> _Try it_
Your answer must hold only the lines below from the line containing "Studio- @crayonstudiorental" through the line containing "#filmfaremarathiawards2025 #filmfaremarathi #first", each reproduced exactly.

> _Information_

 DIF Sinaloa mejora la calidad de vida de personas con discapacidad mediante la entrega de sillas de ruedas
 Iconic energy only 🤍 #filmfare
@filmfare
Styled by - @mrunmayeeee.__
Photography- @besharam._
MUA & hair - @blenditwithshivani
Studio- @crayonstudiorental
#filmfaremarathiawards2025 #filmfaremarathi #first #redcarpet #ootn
...
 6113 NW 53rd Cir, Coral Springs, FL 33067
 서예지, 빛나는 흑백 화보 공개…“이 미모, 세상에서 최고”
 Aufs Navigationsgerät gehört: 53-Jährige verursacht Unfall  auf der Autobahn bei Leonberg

> _Result below_
Studio- @crayonstudiorental
#filmfaremarathiawards2025 #filmfaremarathi #first #redcarpet #ootn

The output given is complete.